Using the entries below, write out the line with "Kain Batik Tulis", the line with "UIS Athletics Announces", and every line in between, exactly as each is written.

== Given information ==
═══
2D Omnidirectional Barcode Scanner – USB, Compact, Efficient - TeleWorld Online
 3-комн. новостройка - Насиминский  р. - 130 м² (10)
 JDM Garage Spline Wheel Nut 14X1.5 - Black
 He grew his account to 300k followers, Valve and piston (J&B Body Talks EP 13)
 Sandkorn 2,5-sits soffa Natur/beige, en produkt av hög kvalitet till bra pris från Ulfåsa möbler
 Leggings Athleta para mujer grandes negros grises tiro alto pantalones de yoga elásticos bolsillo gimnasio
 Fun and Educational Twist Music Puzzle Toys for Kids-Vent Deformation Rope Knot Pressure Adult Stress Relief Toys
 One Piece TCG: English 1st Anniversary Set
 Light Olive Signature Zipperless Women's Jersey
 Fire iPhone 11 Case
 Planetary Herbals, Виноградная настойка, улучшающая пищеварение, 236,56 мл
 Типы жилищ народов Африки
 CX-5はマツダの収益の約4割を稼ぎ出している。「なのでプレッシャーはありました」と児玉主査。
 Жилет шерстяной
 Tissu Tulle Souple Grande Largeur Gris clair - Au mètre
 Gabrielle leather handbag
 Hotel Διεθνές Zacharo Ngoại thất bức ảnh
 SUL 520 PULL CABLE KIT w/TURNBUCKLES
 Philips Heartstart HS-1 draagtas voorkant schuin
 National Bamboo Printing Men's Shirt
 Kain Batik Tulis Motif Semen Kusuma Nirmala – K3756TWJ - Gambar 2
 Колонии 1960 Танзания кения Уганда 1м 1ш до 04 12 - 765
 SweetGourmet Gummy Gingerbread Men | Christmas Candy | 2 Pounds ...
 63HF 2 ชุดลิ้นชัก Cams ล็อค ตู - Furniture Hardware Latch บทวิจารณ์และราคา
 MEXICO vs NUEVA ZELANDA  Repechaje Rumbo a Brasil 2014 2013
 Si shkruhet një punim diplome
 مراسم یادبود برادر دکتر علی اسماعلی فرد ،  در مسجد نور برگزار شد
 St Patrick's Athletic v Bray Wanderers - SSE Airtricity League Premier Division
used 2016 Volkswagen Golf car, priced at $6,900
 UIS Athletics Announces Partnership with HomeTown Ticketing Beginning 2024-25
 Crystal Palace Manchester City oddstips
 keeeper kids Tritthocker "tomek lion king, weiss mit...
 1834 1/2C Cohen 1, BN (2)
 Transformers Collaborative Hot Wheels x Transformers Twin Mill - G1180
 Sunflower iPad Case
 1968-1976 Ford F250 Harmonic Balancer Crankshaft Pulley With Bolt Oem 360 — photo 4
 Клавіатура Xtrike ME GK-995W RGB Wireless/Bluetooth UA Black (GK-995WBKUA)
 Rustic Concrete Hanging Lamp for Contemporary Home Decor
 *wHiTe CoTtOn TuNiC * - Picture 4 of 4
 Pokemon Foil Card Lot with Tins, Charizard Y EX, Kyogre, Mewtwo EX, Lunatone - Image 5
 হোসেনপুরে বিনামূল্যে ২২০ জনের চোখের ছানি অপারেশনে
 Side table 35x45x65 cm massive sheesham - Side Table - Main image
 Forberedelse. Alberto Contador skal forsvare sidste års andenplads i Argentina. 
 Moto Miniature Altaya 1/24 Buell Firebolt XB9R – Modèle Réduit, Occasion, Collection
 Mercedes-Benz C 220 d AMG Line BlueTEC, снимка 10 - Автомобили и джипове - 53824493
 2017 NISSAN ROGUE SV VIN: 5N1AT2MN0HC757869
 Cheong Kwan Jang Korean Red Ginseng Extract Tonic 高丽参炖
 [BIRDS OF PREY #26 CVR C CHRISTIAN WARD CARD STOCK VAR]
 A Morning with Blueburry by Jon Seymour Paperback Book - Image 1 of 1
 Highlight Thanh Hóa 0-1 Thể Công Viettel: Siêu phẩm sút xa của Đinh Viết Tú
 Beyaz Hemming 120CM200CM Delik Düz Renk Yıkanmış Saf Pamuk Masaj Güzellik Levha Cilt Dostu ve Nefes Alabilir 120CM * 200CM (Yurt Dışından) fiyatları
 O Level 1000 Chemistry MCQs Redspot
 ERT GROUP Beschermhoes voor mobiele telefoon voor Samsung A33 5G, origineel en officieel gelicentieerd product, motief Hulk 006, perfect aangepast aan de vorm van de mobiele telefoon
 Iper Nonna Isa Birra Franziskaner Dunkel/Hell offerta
═══
== Written answer ==
 Kain Batik Tulis Motif Semen Kusuma Nirmala – K3756TWJ - Gambar 2
 Колонии 1960 Танзания кения Уганда 1м 1ш до 04 12 - 765
 SweetGourmet Gummy Gingerbread Men | Christmas Candy | 2 Pounds ...
 63HF 2 ชุดลิ้นชัก Cams ล็อค ตู - Furniture Hardware Latch บทวิจารณ์และราคา
 MEXICO vs NUEVA ZELANDA  Repechaje Rumbo a Brasil 2014 2013
 Si shkruhet një punim diplome
 مراسم یادبود برادر دکتر علی اسماعلی فرد ،  در مسجد نور برگزار شد
 St Patrick's Athletic v Bray Wanderers - SSE Airtricity League Premier Division
used 2016 Volkswagen Golf car, priced at $6,900
 UIS Athletics Announces Partnership with HomeTown Ticketing Beginning 2024-25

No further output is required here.